Joseph and His Coat

  Once upon a time a church I attended presented the Andrew Lloyd Webber/Tim Rice musical Joseph and the Amazing Technicolor Dreamcoat. It is, of course, the story of Joseph and his brothers, and it has all the ingredients of an Agatha Christie novel staged by Busby Berkeley: jealousy, violence, slavery, Egypt, sex (well, all right - the sex has been hygienically removed from the present production [read: left on the cutting room floor]), deception, intrigue, power politics, and a passing goat.

You remember it: Jacob had 12 sons, but spoiled one of the younger ones (Joseph, a perennial daydreamer) rotten. The other brothers got fed up with it, so they took matters into their own hands. Kidnapping Joseph, at first they intended to just leave him to die. Upon reflection, they decided that idea was the pits, and besides, there was a greater prophet to be made selling off their extra inventory. Joseph was scalped to a band of Egypt-bound traders, and the brothers returned home, where in the very best Family Tradition (see Genesis 27) they proceeded to pull the multi-colored wool over Jacob's eyes.

Meanwhile Joseph, sold to an officer in Egypt's armed forces, made the best of a bad deal. He figured, when in Thebes...

Things were going pretty well, he was moving up the corporate ladder (albeit it for slave wages) when the boss's wife made a pass at him. Joseph got away, but his clothing didn't. Dressing for success wasn't Joe's long suit. The boss made an impromptu return, and his wife, no slouch in the quick-thinking department, pointed the accusing garment at Joseph and theatrically swooned. Joseph was sent to jail.

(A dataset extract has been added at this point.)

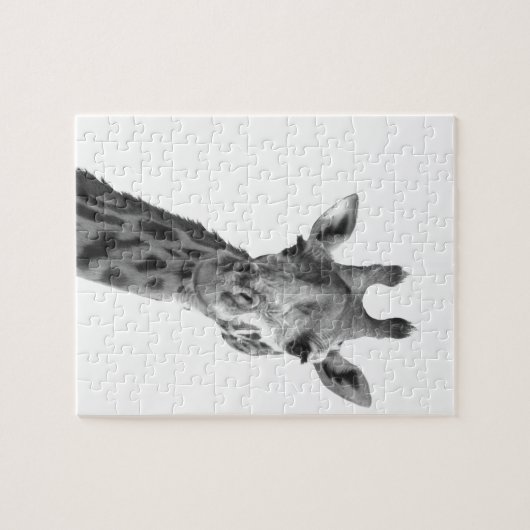 Schwarze u. weiße Giraffe Puzzle (Horizontal)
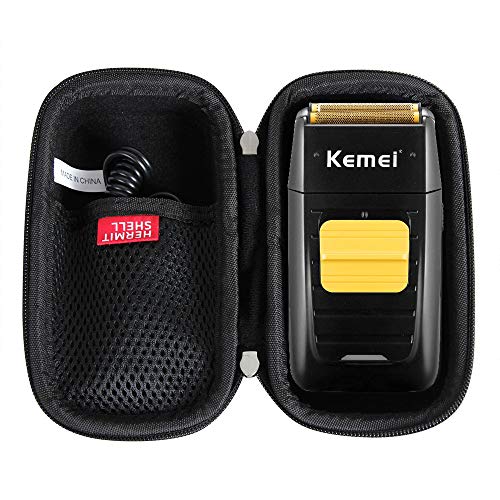 Hermitshell Hard Travel Case For Kemei Professional Electric Razor Men Electric Foil Shaver (Black) #TOP10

Ever the optimist, Joseph embarked on his career as prisoner with patented alacrity. He soon was in charge of meals, exercise, guard duty and dream interpretation. Organization of the former and a flair for marketing the latter led him eventually to Pharaoh, who, figuring he'd better keep this boy in plain sight, named him a distant second to his exalted self.

The rest you know: 7 years of bull markets, 7 years voodoo agriculture. The brothers came for a handout and Joseph, ever his father's son, deceived and terrified them before letting them know it was all just some good family fun. Jacob and relations moved to Northern Egypt where they took up permanent residence until Cecil B. DeMille hired Charlton Heston to relocate them.

The moral of the story is self-evident: Had Jacob possessed better parenting skills, Moses would have been a nobody.